◆ SOURCE MATERIAL ◆
__________________________________________________

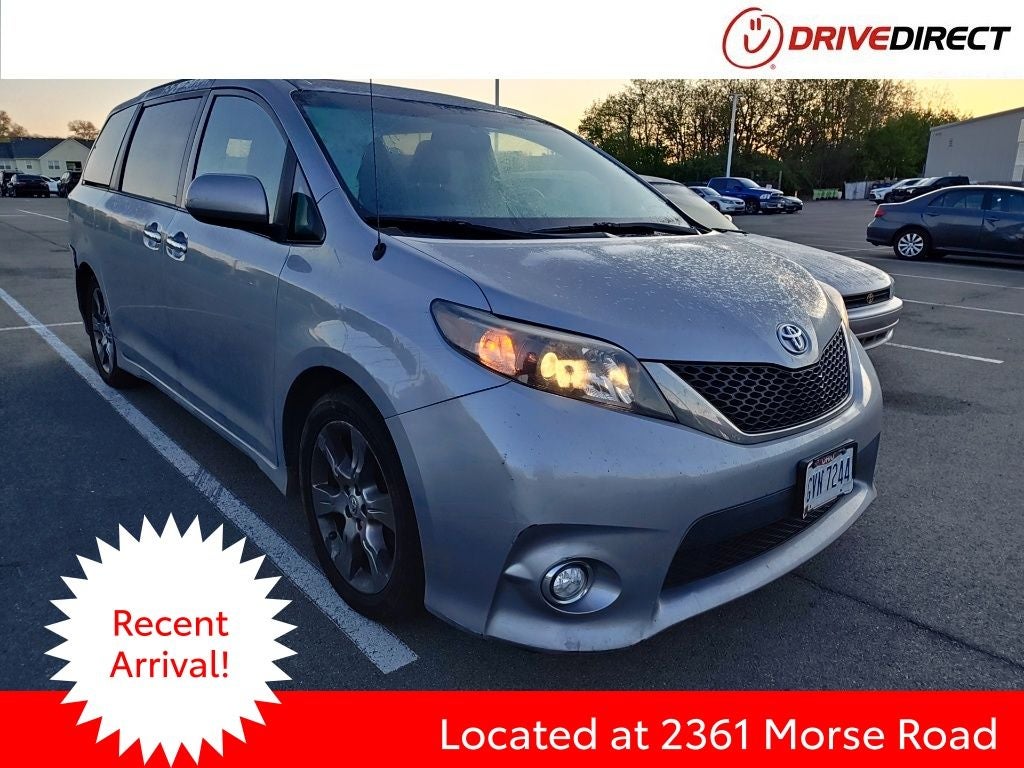 2014 Toyota Sienna SE 8 Passenger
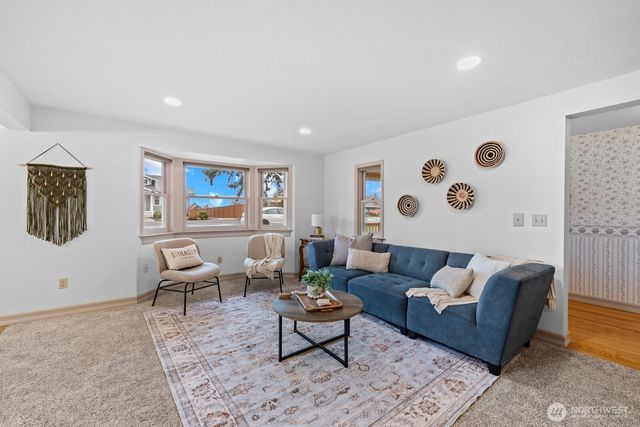 501 3rd Street, Steilacoom, WA 98388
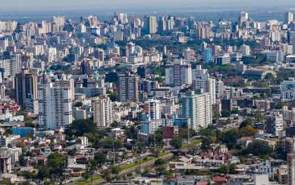 Vista aérea da cidade de Porto Alegre mostrando muitos prédios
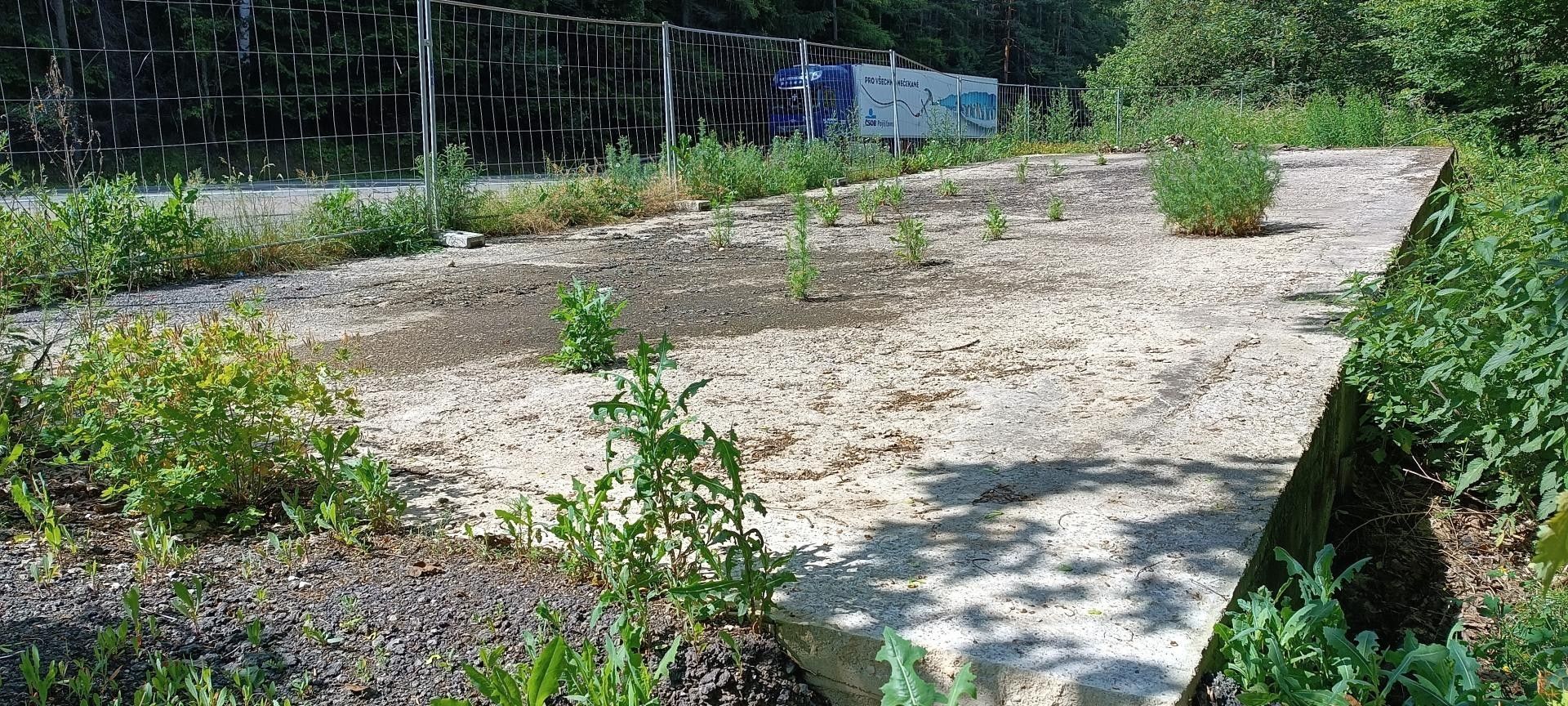 Komerční pozemek, 900 m²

__________________________________________________

◆ WHAT YOU HAVE TO DO ◆
Copy every line above exactly; images stay out.

◆ ANSWER TO THIS PROBLEM ◆
 2014 Toyota Sienna SE 8 Passenger
 501 3rd Street, Steilacoom, WA 98388
 Vista aérea da cidade de Porto Alegre mostrando muitos prédios
 Komerční pozemek, 900 m²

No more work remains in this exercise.